These tests check whether a user agent displays IDNs (Internationalized Domain Names) as Unicode or punycode in the status bar. User agents that try to detect possible homograph attacks do so in different ways. These tests explore some of those approaches. They are not exhaustive, and the results may change over time, since there is no standard for how to proceed in this respect, and some of the tests are based on lists that may change.
For more information about what to expect see the article An Introduction to Multilingual Web Addresses.
See the results below for user agents tested. This section summarizes the results of those tests.
IE7 doesn't care about the TLD in the IDN, but it does prevent mixing of scripts in most cases. ASCII can be mixed with other scripts, but not with Cyrillic or Greek. Japanese kanji and hiragana and ASCII can be mixed.
IE7 does, however, produce different behaviour depending on which languages are declared in the browser preferences. The others do not. This means that if you are dealing with a language that is not defined in IE7's selection list, you will only see punycode.

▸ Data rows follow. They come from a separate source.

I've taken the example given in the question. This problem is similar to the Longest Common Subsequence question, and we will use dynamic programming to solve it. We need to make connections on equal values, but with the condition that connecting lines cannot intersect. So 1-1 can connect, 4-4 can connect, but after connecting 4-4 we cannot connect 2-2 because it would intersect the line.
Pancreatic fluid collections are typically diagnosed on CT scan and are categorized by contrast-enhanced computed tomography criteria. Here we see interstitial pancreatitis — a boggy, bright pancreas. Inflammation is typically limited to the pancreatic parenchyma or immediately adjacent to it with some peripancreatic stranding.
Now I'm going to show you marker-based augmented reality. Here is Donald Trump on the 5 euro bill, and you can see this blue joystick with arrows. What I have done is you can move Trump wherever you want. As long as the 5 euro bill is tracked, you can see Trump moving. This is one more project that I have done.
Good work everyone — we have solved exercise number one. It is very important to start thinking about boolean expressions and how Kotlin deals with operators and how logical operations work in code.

Firefox allows any combination of characters, provided that the TLD is on their approved list.
Opera also allows any combination of characters for TLDs on its whitelist. For TLDs not on the whitelist, the situation is not always clear. From the tests here it seems that any combination of characters is also allowed for many TLDs not on the whitelist - not just Latin1 characters as stated in Opera's description. The exception is that combinations of Greek or Cyrillic with Latin characters are displayed as punycode if the TLD isn't on the whitelist. On the other hand, Devanagari is displayed as punycode if the TLD is not whitelisted, unless it is combined with ASCII or accented Latin characters (which seems odd).

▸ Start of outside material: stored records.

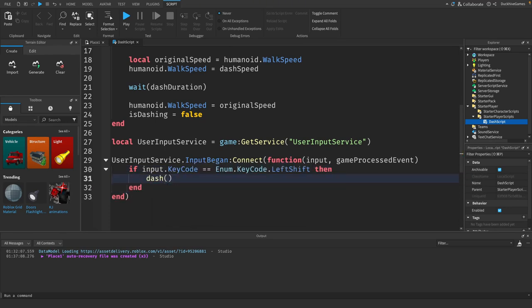Here, we use user input service to listen for when the player presses the left shift key. When the key is pressed, we call our dash function. The game processed event parameter is used to check if the input was used by another UI element, but in this case, we're ignoring it.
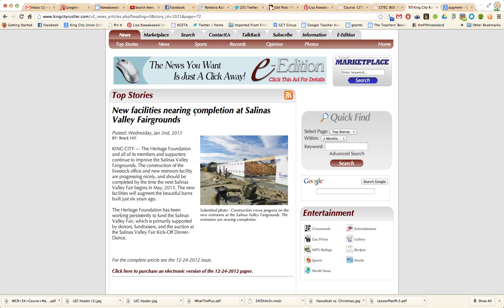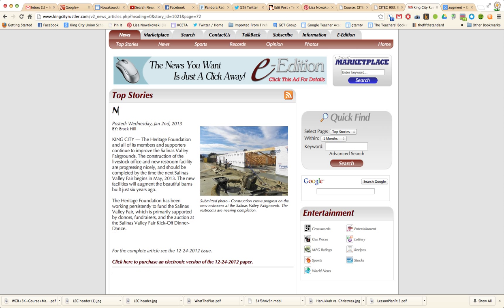What I would do in the classroom is read this article with my students. I would then ask them to come up with their own headline. So they might say something along the lines of, instead of 'new facilities,' they might say 'new buildings will be ready by fair time.' And that's a big deal around here, so they get that immediate local connection so it means something to them.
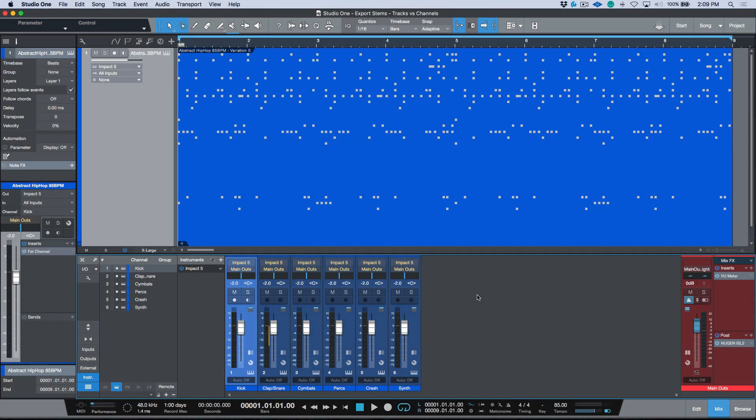What's up guys, my name is Marcus Huskins and thank you for joining me as always. If you're finding this content useful please hit that subscribe button — I appreciate your support. I've wanted to tackle this video for a really long time and that is exporting stems in Studio One.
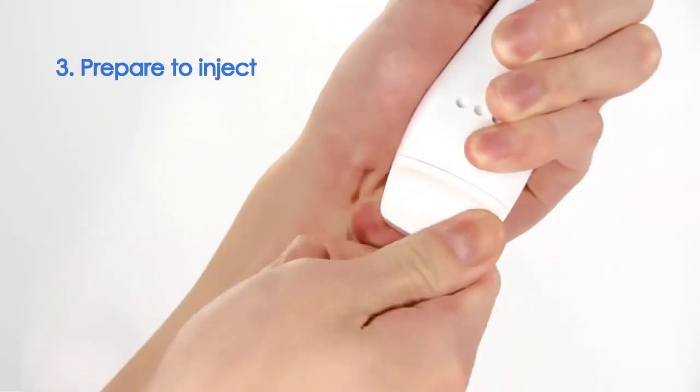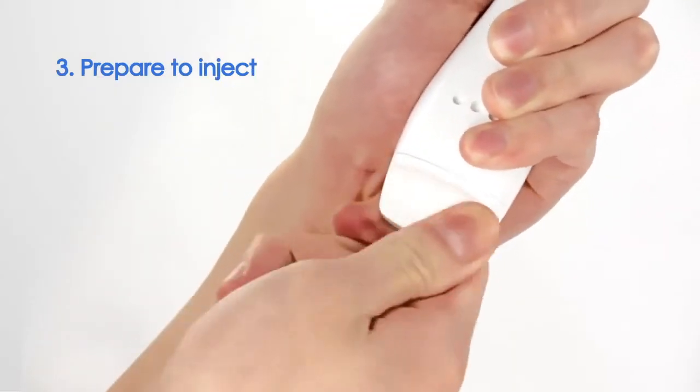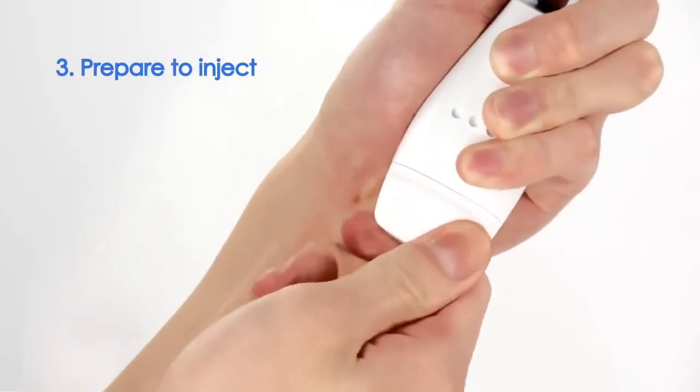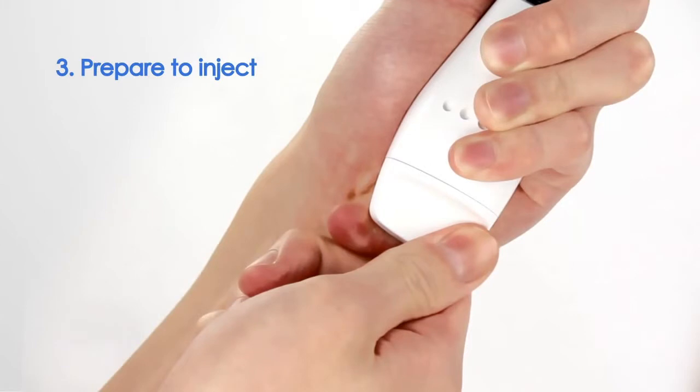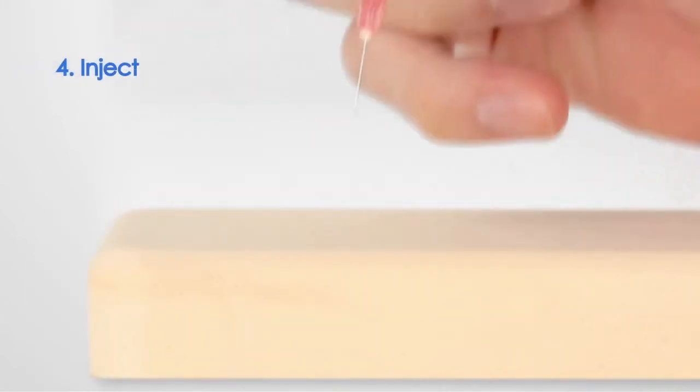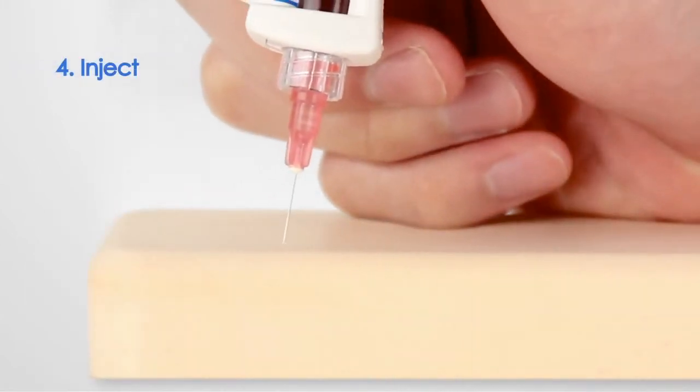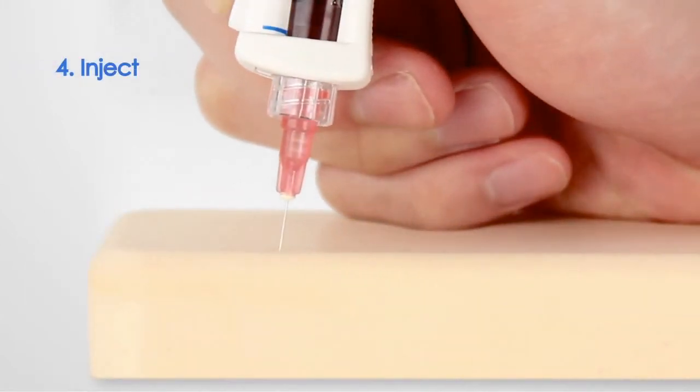Once primed, rewind the injector until it comes to a stop. To inject, insert the needle to the desired depth and press the Dose Activator button.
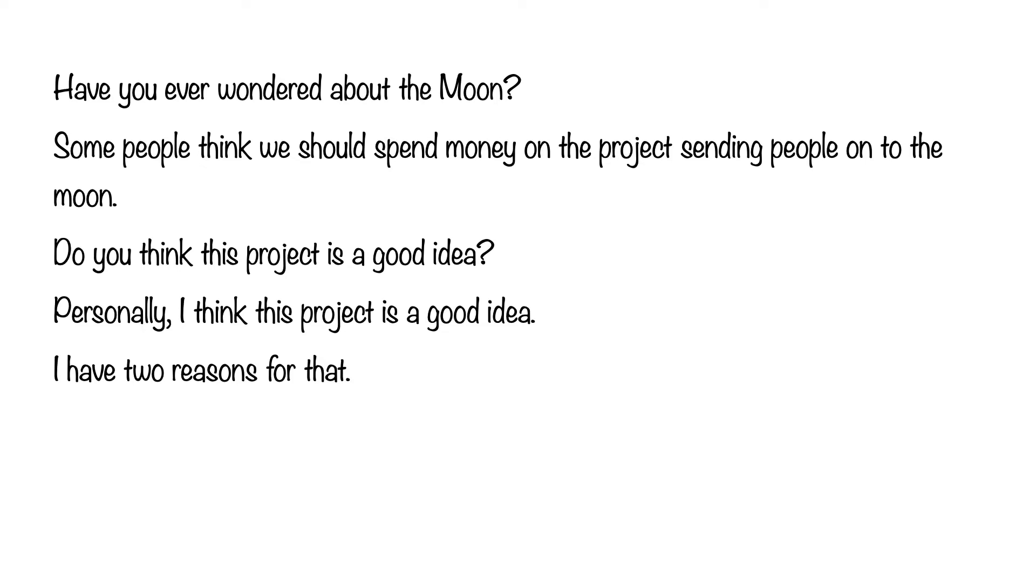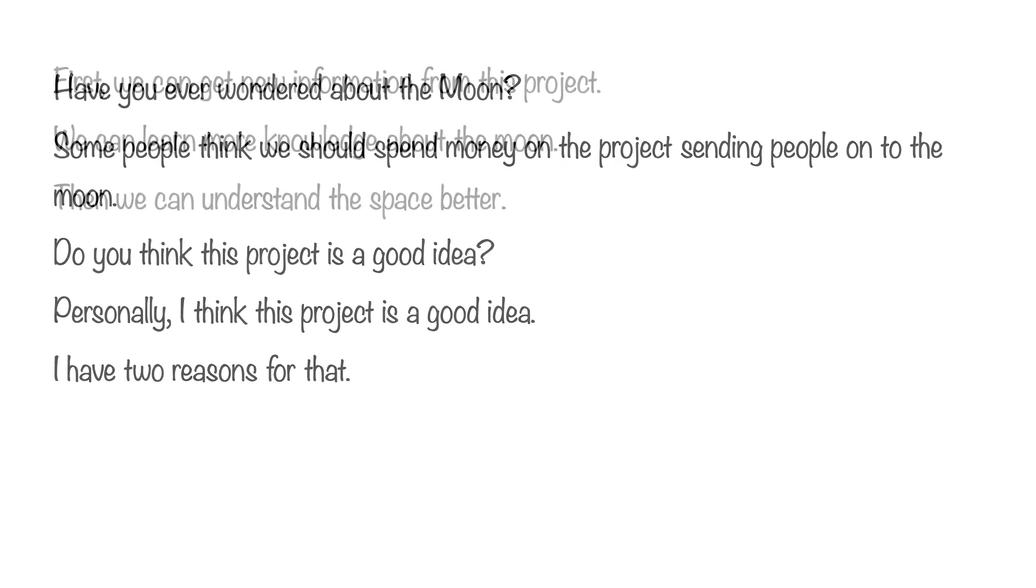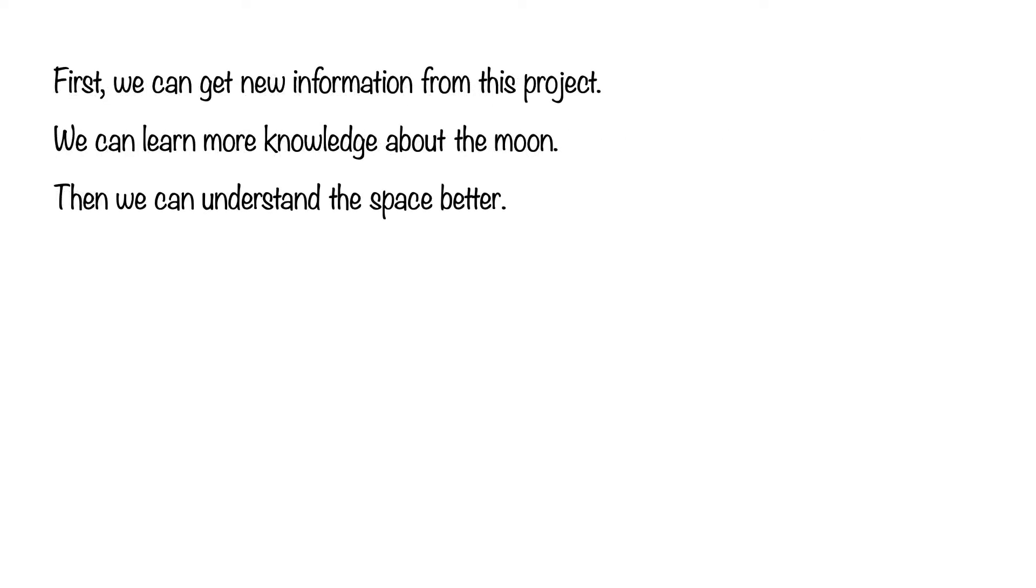Personally, I think this project is a good idea. I have two reasons for that. First,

Safari displays any IDN containing only characters from one or more scripts in the whitelist as Unicode, and any other IDN as punycode.
The famous pаypal.com IDN, which has a cyrillic a after the first p, is displayed as punycode by IE7 because it mixes disallowed scripts, by Firefox because .com is not on Firefox's list of supported TLDs, and by Safari because Cyrillic is not on the default whitelist of scripts. Opera, however, displays this as Unicode, since .com is on its whitelist.
The following user agents were tested on Windows XP.
When Internet Explorer had only English set in the browser preferences, all of the tests produced punycode in the status bar. For the results below the following languages were set in the preferences: Russian, Japanese, German, Greek, Hindi.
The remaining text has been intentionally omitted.